Start of Data under study

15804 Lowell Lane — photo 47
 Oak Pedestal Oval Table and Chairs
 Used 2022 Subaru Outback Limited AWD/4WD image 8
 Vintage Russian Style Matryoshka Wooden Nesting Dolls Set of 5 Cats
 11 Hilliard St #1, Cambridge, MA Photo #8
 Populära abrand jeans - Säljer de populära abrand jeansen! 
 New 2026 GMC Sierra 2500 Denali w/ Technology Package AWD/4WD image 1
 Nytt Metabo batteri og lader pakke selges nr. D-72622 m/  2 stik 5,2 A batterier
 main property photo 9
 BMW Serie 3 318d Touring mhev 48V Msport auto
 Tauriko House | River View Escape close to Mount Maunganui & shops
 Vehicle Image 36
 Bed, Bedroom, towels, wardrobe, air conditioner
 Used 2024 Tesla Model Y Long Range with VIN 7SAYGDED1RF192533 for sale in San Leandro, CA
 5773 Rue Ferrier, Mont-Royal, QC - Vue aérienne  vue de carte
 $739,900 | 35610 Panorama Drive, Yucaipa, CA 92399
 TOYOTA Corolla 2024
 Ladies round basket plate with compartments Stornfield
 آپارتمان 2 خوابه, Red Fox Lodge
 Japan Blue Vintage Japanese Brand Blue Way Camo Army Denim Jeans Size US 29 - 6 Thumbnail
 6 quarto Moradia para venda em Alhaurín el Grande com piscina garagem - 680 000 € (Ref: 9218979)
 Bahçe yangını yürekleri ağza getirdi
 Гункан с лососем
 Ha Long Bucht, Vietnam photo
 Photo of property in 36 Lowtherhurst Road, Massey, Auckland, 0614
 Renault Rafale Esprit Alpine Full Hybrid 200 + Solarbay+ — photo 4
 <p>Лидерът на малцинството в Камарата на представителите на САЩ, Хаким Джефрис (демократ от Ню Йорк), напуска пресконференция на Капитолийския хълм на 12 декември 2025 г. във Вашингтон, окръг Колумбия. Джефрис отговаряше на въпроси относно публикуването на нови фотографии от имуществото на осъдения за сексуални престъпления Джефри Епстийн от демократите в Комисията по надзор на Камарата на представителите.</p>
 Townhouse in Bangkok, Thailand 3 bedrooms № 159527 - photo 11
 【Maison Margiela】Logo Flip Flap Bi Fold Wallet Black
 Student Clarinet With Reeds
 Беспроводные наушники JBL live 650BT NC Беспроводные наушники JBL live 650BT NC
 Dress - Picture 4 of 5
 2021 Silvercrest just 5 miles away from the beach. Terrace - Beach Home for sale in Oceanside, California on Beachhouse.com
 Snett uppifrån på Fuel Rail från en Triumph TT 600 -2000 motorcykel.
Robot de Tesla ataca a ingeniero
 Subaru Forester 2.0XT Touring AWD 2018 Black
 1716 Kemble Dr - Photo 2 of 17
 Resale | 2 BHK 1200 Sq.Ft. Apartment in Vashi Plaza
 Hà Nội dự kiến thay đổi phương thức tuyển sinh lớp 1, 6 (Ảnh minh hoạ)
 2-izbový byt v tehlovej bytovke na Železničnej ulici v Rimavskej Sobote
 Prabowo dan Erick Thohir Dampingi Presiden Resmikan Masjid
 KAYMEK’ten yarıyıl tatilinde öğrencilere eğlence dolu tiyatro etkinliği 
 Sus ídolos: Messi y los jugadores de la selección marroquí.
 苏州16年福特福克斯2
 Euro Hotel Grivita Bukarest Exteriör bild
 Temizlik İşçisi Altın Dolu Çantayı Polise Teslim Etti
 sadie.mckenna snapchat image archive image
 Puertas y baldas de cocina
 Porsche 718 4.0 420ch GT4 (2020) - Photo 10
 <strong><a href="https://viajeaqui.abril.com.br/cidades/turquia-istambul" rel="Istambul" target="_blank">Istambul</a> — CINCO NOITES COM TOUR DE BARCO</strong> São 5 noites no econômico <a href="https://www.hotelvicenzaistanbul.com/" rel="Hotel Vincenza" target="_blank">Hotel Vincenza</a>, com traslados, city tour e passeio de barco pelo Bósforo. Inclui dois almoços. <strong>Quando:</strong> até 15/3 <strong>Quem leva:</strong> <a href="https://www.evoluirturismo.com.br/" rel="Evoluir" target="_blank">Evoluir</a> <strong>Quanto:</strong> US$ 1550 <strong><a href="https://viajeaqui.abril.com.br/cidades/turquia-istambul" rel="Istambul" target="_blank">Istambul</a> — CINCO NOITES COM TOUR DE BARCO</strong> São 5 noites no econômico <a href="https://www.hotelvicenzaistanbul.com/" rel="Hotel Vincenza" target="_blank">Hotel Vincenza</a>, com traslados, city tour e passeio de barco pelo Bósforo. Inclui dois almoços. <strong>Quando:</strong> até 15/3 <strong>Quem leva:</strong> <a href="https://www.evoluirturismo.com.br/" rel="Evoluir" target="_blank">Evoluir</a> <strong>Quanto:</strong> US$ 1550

End of Data under study

## Exercise goal:
Now copy each line of the entries that mentions "Black".

## Your response:
 【Maison Margiela】Logo Flip Flap Bi Fold Wallet Black
 Subaru Forester 2.0XT Touring AWD 2018 Black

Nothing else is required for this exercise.